Take the entries below and reproduce exactly the portion that begins at the line containing "2017 Genesis G80" and ends at the line containing "Asparagus Gremolata a", keeping both ends, dropping pictures, and adding nothing else.

■ Records
────────────────────

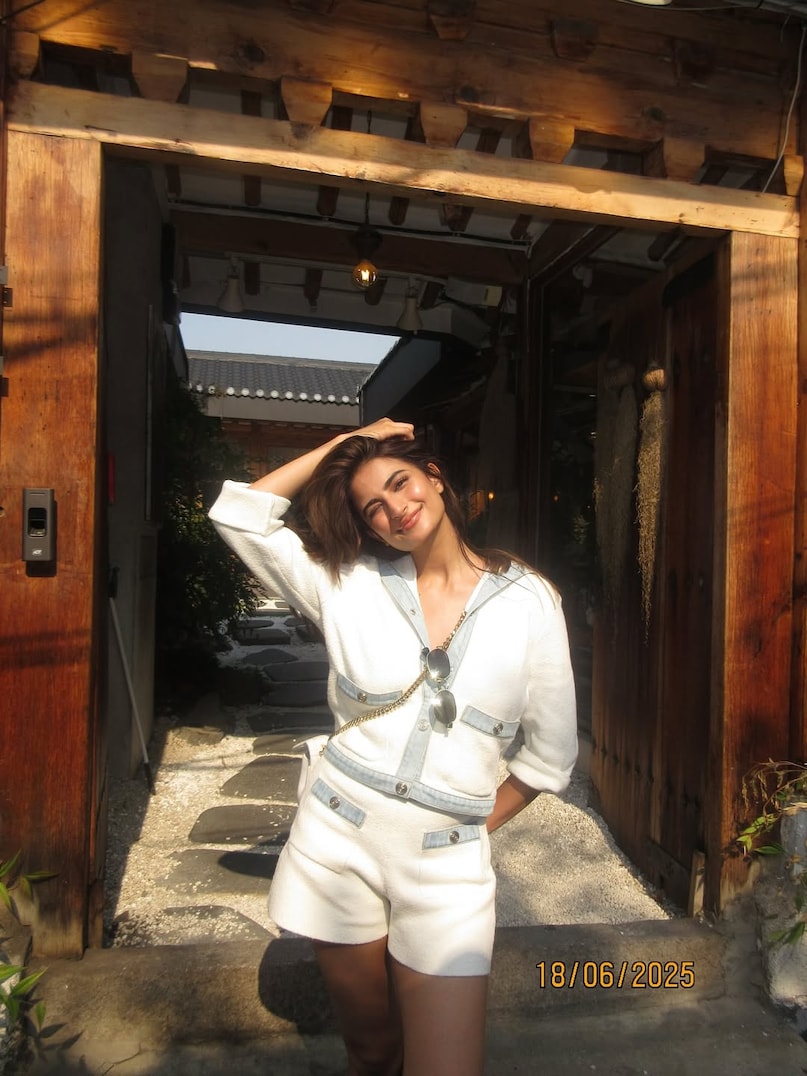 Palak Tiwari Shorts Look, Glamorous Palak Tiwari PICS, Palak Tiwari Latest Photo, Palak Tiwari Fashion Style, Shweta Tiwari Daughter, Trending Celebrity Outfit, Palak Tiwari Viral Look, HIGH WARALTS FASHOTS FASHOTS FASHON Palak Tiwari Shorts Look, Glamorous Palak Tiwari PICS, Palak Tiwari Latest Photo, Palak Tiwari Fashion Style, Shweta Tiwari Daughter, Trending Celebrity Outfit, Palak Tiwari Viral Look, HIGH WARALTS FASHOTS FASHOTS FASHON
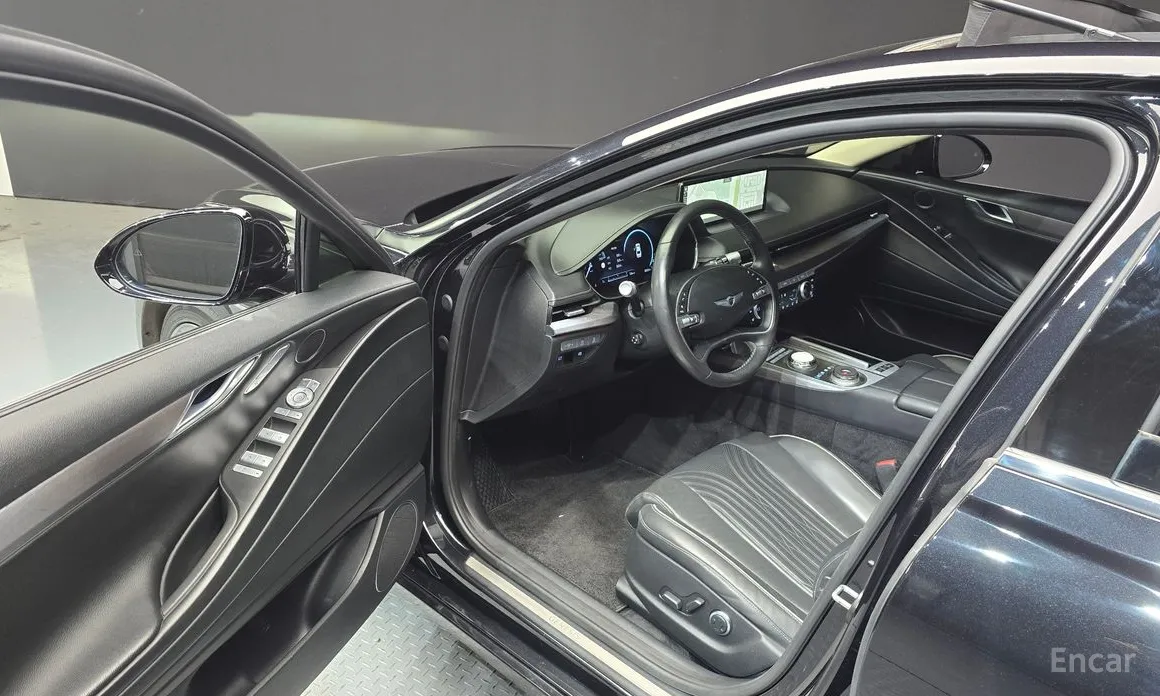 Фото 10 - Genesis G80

────────────────────

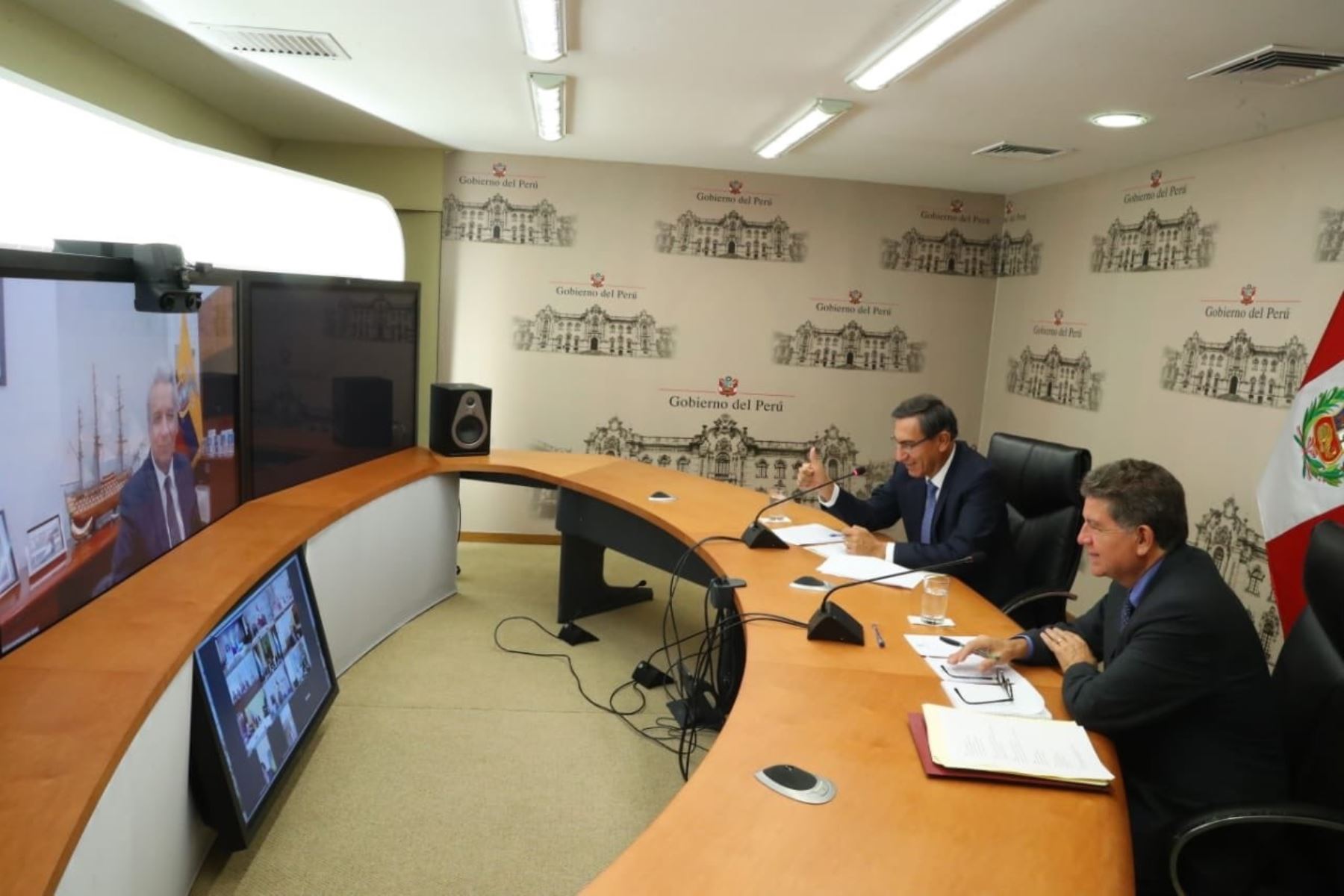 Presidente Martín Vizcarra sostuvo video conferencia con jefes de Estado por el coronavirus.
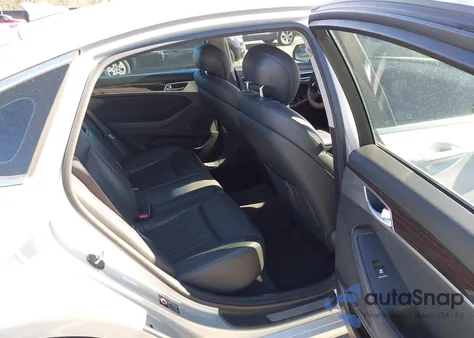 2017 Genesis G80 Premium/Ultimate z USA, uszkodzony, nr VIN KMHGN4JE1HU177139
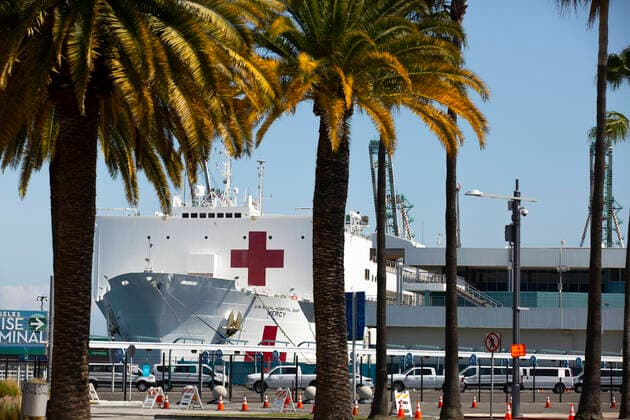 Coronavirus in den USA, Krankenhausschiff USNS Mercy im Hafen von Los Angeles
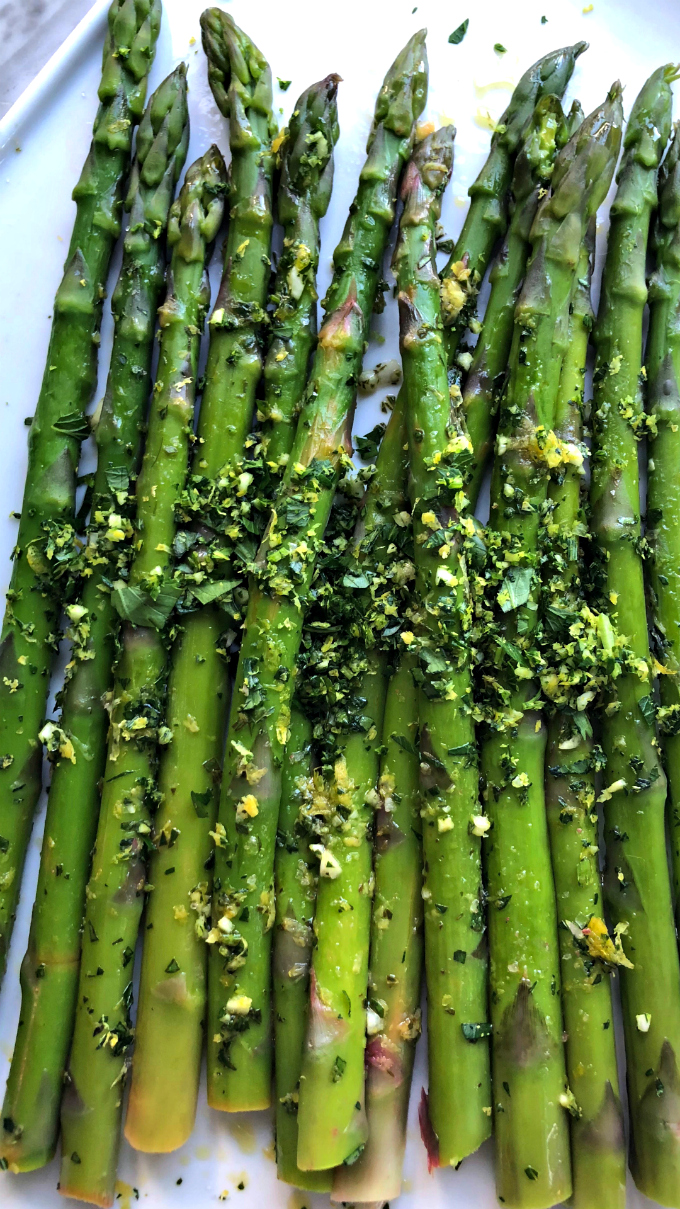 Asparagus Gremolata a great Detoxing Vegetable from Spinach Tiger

────────────────────

■ Exercise response
 2017 Genesis G80 Premium/Ultimate z USA, uszkodzony, nr VIN KMHGN4JE1HU177139
 Coronavirus in den USA, Krankenhausschiff USNS Mercy im Hafen von Los Angeles
 Asparagus Gremolata a great Detoxing Vegetable from Spinach Tiger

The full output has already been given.